If you have toto.net and toto.def, the process should look as follows.
% ls toto.* toto.def toto.net % trans2prop.pl toto % mv toto.nettmp toto.net % ls toto.* toto.def toto.net toto.tobs
Do not forget this mv.
The resulting toto.tobs contains all the observing transitions that have been extracted from toto.net.
2.4. Model-checking with Spot
Go back into Spot's source tree, and visit the iface/gspn/ directory. Amongst other things, this directory should contain two programs named ltlgspn-rg and ltlgspn-srg. These two programs can be used identically, only the GreatSPN implementation changes. They should display their usage when run without argument.
If your toto model contains two observing transitions PROP_FOO and PROP_BAR, you can verify the LtlFormula FOO U BAR with
% ./ltlgspn-srg -e -f '!("FOO" U BAR)' FOO BAR
F is an LTL operator, so FOO needs double-quotes so that Spot does not interpret it as F(OO). (See LtlSyntax for details.)
- in this interface it's the user's job to negate the formula to verify
(hence the leading ! operator).
Let me stress that these are test programs for Spot and should not be used in FrameKit as-is. (In fact these are scripts that run some hidden binaries in a way they can use the Spot library even though it is not installed. That's why you cannot move them.) Decent user utilities with an interface suitable to FrameKit have yet to be done, and once that is done they will be installed by make install.
3. Using Soheib's work (SSP)
You should prepare the following elements:
a toto.def/toto.net pair for the symmetric par of the model
a control automaton toto.con with the asymmetries
a file defining the atomic properties toto.prop
Ask Soheib for details.
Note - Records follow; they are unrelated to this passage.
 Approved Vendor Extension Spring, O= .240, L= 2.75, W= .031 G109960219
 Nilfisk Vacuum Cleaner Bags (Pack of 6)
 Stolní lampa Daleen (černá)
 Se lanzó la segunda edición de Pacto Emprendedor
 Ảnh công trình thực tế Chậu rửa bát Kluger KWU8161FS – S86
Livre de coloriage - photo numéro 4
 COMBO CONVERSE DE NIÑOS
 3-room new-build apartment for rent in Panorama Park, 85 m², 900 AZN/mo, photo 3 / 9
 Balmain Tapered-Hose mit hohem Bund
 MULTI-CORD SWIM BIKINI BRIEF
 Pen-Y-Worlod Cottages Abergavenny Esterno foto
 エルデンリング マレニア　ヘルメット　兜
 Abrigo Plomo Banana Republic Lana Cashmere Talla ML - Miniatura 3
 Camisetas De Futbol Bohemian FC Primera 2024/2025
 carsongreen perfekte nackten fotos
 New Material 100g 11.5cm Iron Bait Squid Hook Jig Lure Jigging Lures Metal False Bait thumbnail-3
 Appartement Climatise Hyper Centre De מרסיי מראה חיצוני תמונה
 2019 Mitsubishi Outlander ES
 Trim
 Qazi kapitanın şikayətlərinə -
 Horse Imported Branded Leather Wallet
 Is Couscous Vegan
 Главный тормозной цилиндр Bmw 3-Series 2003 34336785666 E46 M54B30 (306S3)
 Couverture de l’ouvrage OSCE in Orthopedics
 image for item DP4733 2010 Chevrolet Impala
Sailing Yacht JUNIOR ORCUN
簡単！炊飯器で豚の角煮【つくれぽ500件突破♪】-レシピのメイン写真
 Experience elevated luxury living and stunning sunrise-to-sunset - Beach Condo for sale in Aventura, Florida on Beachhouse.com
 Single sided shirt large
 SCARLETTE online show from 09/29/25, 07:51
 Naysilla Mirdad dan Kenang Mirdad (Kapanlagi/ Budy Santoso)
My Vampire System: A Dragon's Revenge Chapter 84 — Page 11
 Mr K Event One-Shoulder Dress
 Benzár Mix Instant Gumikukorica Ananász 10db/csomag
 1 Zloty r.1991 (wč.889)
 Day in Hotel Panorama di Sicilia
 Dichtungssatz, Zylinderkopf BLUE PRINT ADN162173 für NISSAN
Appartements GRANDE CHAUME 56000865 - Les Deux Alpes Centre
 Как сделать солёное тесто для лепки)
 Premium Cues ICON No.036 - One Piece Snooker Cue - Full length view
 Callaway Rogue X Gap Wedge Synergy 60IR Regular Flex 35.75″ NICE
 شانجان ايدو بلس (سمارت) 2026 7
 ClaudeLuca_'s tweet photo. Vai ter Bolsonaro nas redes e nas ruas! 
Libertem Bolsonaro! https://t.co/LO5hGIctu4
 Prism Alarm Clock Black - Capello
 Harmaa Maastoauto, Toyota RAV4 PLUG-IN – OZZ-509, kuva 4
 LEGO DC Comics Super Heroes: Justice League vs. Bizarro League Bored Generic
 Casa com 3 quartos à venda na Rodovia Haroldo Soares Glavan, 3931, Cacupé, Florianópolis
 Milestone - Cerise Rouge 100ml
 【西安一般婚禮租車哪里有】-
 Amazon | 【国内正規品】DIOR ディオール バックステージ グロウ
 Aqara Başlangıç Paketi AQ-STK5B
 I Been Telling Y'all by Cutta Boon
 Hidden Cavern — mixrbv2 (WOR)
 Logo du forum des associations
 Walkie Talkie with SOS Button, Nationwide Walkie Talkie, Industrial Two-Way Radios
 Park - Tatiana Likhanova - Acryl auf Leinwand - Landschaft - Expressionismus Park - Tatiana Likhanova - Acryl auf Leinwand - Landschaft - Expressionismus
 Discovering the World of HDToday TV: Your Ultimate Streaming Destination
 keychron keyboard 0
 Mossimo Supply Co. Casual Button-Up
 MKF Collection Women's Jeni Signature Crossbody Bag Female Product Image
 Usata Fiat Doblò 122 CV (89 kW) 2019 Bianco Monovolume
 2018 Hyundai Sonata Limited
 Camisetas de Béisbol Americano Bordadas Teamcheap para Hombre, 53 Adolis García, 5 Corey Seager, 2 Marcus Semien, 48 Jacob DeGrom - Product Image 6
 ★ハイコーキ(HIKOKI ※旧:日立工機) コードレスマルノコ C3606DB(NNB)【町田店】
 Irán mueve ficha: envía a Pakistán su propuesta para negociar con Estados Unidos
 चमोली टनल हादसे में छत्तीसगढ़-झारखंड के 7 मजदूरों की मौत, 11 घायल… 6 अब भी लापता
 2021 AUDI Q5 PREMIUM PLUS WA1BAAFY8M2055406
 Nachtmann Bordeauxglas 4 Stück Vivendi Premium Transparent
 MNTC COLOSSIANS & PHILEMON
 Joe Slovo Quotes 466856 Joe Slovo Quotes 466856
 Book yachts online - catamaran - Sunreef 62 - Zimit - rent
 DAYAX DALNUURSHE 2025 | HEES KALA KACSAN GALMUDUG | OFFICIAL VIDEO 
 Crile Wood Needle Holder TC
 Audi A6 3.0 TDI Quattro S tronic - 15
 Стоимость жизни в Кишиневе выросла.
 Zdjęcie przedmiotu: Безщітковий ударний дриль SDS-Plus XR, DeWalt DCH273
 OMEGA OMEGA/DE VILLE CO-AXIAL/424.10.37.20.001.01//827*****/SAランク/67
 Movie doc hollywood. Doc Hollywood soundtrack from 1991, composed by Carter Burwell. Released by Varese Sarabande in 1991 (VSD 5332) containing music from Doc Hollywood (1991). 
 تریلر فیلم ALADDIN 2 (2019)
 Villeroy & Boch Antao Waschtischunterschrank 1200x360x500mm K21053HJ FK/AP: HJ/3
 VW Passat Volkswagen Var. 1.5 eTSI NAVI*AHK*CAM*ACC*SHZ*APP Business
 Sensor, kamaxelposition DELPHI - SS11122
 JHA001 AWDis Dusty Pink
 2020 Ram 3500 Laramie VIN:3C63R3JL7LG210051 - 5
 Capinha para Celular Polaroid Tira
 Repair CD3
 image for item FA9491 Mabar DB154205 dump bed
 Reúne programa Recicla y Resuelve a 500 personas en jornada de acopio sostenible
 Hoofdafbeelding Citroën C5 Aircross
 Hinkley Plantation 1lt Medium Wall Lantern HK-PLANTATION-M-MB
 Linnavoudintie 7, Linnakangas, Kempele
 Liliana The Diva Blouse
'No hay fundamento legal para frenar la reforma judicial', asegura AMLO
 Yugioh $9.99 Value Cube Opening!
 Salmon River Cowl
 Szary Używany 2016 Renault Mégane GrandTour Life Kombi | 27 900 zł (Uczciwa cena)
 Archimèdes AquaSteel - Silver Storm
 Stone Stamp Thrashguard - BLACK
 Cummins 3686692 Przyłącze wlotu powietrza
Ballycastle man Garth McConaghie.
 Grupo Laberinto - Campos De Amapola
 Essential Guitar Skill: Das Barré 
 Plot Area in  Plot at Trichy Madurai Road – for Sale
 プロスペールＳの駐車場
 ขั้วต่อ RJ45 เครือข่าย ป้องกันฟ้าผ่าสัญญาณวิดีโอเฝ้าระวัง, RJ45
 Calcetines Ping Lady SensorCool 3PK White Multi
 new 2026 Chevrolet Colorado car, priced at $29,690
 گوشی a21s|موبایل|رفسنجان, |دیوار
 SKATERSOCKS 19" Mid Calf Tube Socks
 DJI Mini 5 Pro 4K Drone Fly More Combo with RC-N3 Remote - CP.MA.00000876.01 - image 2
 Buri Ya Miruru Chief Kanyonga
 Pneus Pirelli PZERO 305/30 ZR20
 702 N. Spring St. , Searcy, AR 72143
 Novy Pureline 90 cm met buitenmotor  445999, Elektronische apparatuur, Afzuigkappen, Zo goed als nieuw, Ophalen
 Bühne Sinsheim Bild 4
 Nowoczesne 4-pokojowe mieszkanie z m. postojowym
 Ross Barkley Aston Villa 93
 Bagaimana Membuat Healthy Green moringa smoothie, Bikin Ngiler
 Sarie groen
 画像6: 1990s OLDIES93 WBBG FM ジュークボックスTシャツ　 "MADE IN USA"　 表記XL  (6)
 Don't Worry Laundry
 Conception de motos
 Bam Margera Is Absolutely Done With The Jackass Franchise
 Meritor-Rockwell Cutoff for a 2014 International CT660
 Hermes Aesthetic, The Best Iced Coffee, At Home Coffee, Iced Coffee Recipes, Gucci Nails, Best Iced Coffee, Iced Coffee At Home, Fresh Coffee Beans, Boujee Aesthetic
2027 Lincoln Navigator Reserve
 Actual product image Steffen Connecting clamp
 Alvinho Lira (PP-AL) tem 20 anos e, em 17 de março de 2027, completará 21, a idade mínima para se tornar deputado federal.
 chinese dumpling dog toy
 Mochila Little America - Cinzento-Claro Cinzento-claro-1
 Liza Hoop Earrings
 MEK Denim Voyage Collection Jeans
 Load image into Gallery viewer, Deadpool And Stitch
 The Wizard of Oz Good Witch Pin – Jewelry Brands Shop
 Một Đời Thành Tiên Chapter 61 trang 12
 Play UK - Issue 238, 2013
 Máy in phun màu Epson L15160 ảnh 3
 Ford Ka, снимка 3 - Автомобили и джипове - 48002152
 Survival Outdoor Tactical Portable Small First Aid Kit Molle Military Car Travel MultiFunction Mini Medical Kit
I've stored one of his example in ~adl/data/ex-soheib-ssp/.
In Spot's iface/gspn/ you can use ./ltlgspn-ssp like the two other, except you must additionally specify the control automaton. ./ltlgspn-ssp also allow three emptiness-check variants corresponding to Soheib's works on inclusion checking.
./ltlgspn-ssp -c -e2 -f ~adl/data/ex-soheib-ssp/WCSsym \ 'AT2 U ID2' ~adl/data/ex-soheib-ssp/WCSsym.con AT2 ID2
Beware that the -c option (which computes a counter-example instead of a empty/non-empty answer) can be very expensive because it enumerate all the paths in a strongly connected component. (This is true for ltlgspn-rg and ltlgspn-srg as well.)